> _WORK INSTRUCTIONS_
Print the data once more, exactly as given. Drop the pictures.

Segment Start: DATA SHOWN

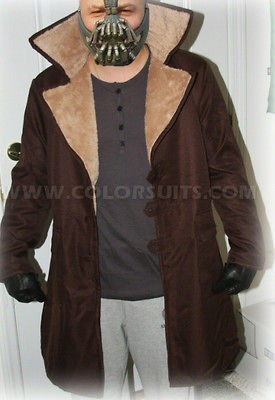 Bane Dark Knight Rises Swedish Bomber Replica Jacket Coat Costume 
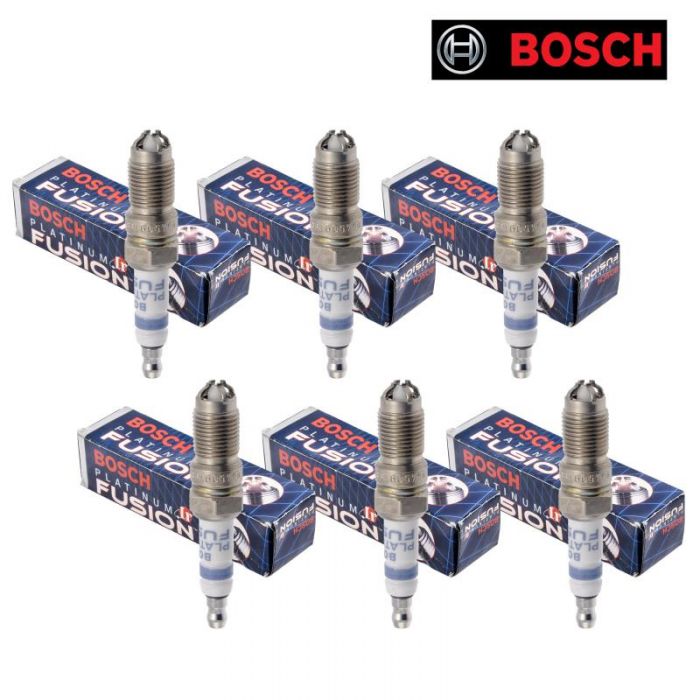 Set of 6 New Bosch 4509 Platinum Ir Iridium Fusion Spark Plug
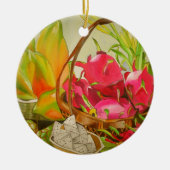 Tropische Frucht Wasserfarbe noch Lebenskunst Male Keramikornament (Vorne)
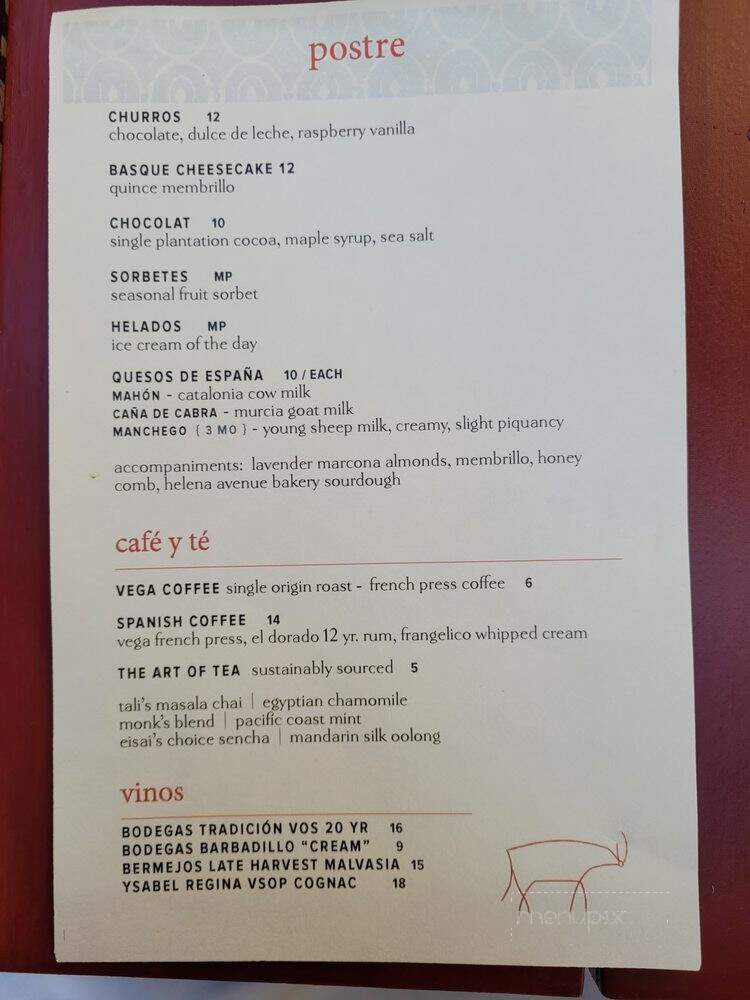 Loquita - Santa Barbara, CA menu_pic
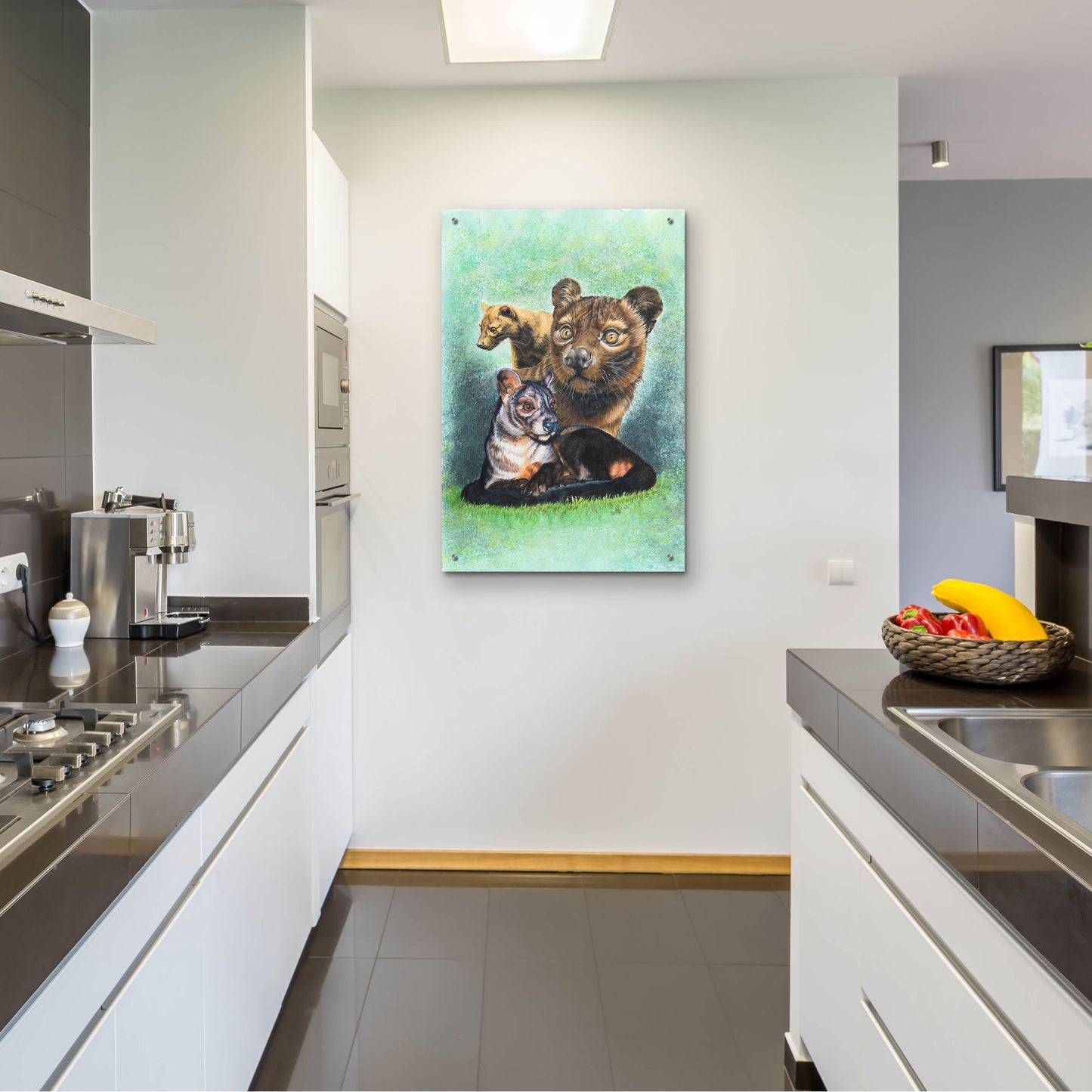 Epic Art 'Fossa' by Barbara Keith, Acrylic Glass Wall Art,24x36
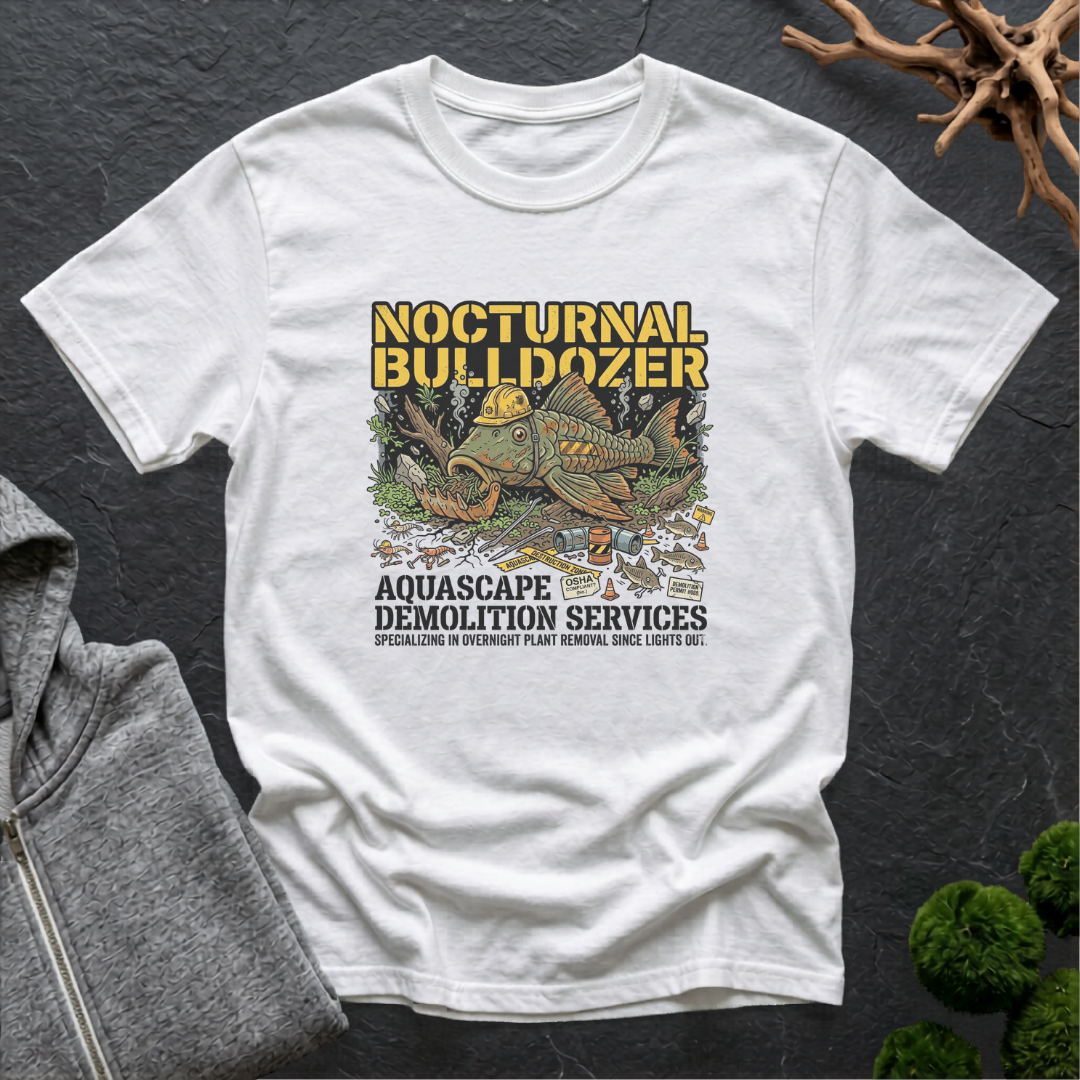 Pleco Nocturnal Bulldozer T‑Shirt | Pleco Lover Shirt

Segment End: DATA SHOWN

> _REPLY_
 Bane Dark Knight Rises Swedish Bomber Replica Jacket Coat Costume 
 Set of 6 New Bosch 4509 Platinum Ir Iridium Fusion Spark Plug
 Tropische Frucht Wasserfarbe noch Lebenskunst Male Keramikornament (Vorne)
 Loquita - Santa Barbara, CA menu_pic
 Epic Art 'Fossa' by Barbara Keith, Acrylic Glass Wall Art,24x36
 Pleco Nocturnal Bulldozer T‑Shirt | Pleco Lover Shirt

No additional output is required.